General information
- Status: Completed
- Location: Derwen, Denbighshire, Wales
- Coordinates: 53°03′11″N 3°23′50″W﻿ / ﻿53.052962°N 3.397308°W

Website
- Cadw

References
- Cadw 24347

= Ffynnon Sara =

Building in Denbighshire, Wales

 Ffynnon Sara is a Grade II listed building in the community of Derwen, Denbighshire, Wales, which dates back to the 6th century. It is listed by Cadw (Reference Number 24347).

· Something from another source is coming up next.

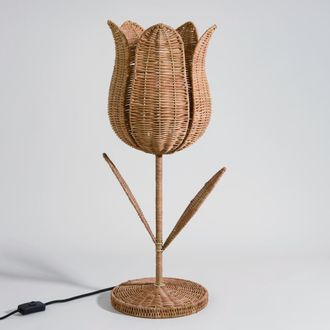 Maisons du monde L&aacute;mpara con forma de flor de rat&aacute;n trenzado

Ffynnon Sara is a well near the small village of Derwen, Ruthin. The well is suspected of being linked to a founder of a monastery 8 miles away in Llanynys. This is due to the well standing by an ancient pilgrim trackway. Ffynon Sara is estimated to have been built around the 6th century. Up until the 17th century the name was Ffynnon Pyllau Perl ("The Pearl Pool Well"). A woman living in a nearby cottage named Sara became well known for tending the well hence the name was changed to Ffynnon Sara (Sarah's Well). Those cured at the well left sticks at Sara's cottage as a gift of thanks. There is no sign of the cottage today as it is believed to have burnt down in the 1860s. The well was repaired and now stands in its own grounds. There is access by a beautiful tree lined, cobbled path through a small gate set back off the road.

==Location==
This building is 1 km north west of Derwen church, in a small roadside enclosure with perimeter wall and gate.